→ What to work on: Below are the records; repeat exactly their lines between the line holding "Number four: one" and the line holding "You probably don't", inclusive, skipping the pictures.
─── Data
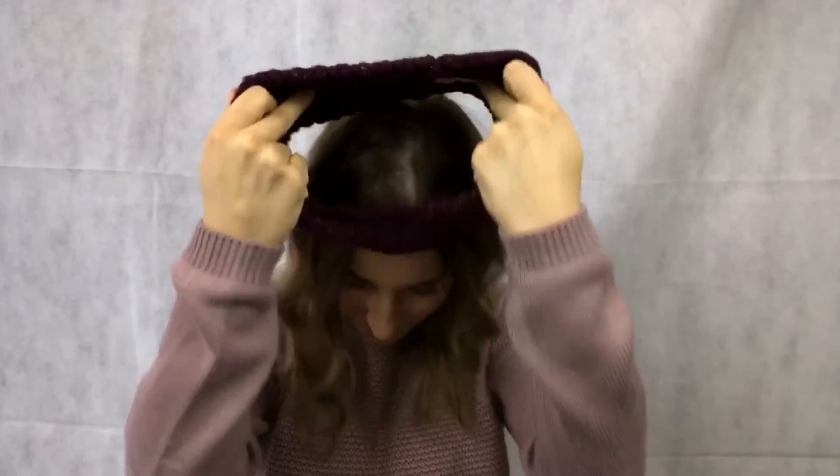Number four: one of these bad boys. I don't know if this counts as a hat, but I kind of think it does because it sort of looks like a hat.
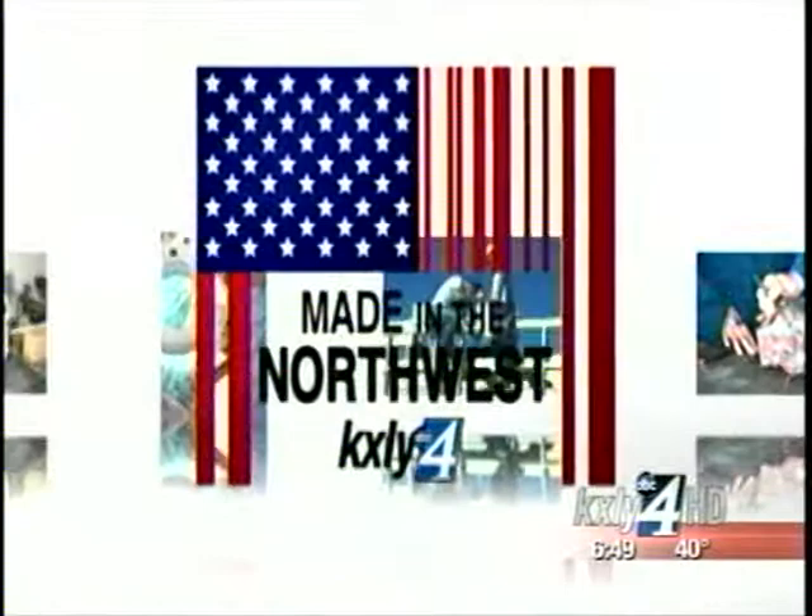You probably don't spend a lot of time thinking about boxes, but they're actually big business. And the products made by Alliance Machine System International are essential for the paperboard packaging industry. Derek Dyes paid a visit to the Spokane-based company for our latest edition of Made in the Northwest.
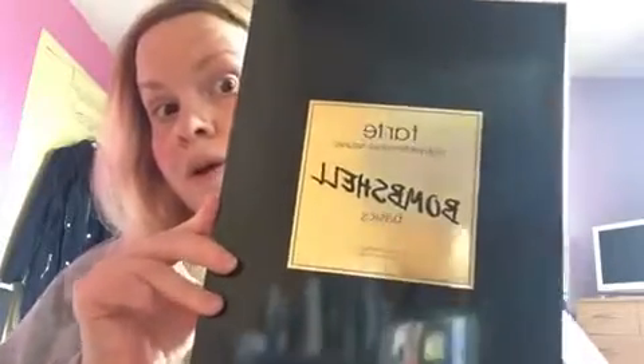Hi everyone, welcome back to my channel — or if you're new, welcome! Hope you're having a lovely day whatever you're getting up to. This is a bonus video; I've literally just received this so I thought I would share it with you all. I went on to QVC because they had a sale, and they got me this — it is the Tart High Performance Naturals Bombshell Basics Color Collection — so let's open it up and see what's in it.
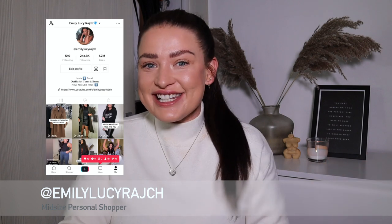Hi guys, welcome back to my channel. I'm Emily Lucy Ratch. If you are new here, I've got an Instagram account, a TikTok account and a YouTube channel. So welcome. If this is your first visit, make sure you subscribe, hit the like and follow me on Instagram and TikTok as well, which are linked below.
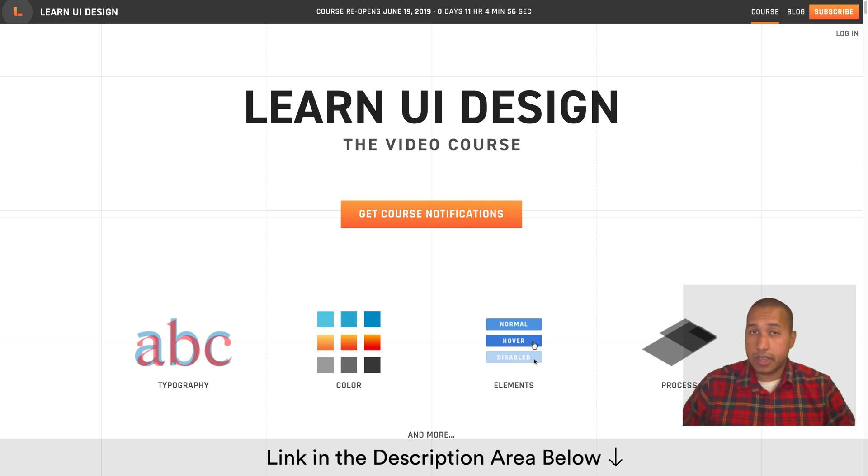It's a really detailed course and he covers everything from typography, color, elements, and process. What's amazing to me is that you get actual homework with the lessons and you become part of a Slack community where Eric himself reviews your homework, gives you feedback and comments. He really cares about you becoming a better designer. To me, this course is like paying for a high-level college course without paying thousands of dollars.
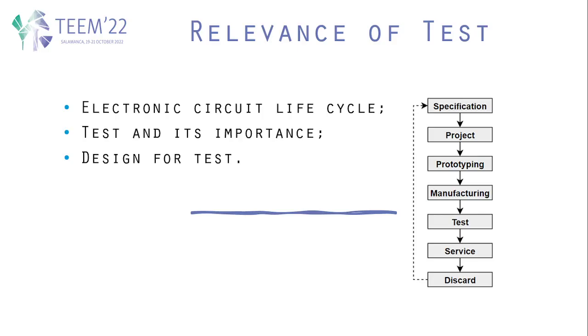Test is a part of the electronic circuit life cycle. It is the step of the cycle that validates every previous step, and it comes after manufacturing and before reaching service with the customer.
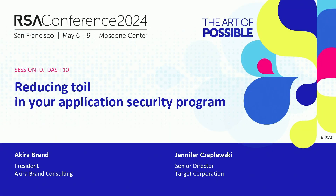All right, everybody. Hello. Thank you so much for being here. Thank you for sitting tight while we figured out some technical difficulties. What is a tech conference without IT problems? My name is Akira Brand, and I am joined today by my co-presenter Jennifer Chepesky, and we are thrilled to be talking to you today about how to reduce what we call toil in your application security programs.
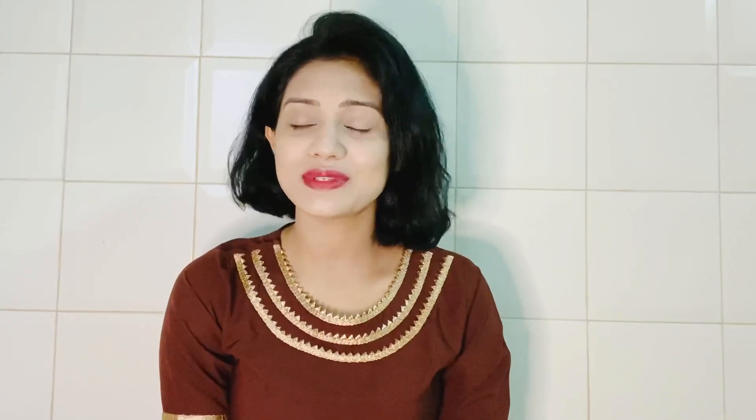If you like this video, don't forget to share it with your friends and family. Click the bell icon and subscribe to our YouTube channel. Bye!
──────
─── Data
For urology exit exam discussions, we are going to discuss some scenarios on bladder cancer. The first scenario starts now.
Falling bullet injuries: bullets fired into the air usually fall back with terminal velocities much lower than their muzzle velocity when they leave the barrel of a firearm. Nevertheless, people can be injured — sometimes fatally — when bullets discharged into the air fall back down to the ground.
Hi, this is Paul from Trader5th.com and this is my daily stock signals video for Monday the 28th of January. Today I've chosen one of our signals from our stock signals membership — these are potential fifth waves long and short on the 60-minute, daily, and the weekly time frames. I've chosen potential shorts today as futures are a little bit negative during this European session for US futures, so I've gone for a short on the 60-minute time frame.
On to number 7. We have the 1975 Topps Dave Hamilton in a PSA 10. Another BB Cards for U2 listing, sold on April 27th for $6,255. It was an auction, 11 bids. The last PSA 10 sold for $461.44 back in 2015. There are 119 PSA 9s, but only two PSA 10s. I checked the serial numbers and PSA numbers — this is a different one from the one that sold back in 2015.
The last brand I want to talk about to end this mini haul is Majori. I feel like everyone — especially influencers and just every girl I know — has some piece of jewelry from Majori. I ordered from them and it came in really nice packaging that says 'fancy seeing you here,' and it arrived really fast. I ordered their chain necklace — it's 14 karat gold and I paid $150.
──────
─── Data
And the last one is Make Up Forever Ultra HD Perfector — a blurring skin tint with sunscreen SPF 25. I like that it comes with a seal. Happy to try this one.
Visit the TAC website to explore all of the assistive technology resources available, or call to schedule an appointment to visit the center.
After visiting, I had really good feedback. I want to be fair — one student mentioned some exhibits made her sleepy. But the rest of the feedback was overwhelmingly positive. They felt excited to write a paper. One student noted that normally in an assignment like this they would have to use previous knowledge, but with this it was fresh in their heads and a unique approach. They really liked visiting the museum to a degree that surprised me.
──────
→ Exercise answer:
Number four: one of these bad boys. I don't know if this counts as a hat, but I kind of think it does because it sort of looks like a hat.
You probably don't spend a lot of time thinking about boxes, but they're actually big business. And the products made by Alliance Machine System International are essential for the paperboard packaging industry. Derek Dyes paid a visit to the Spokane-based company for our latest edition of Made in the Northwest.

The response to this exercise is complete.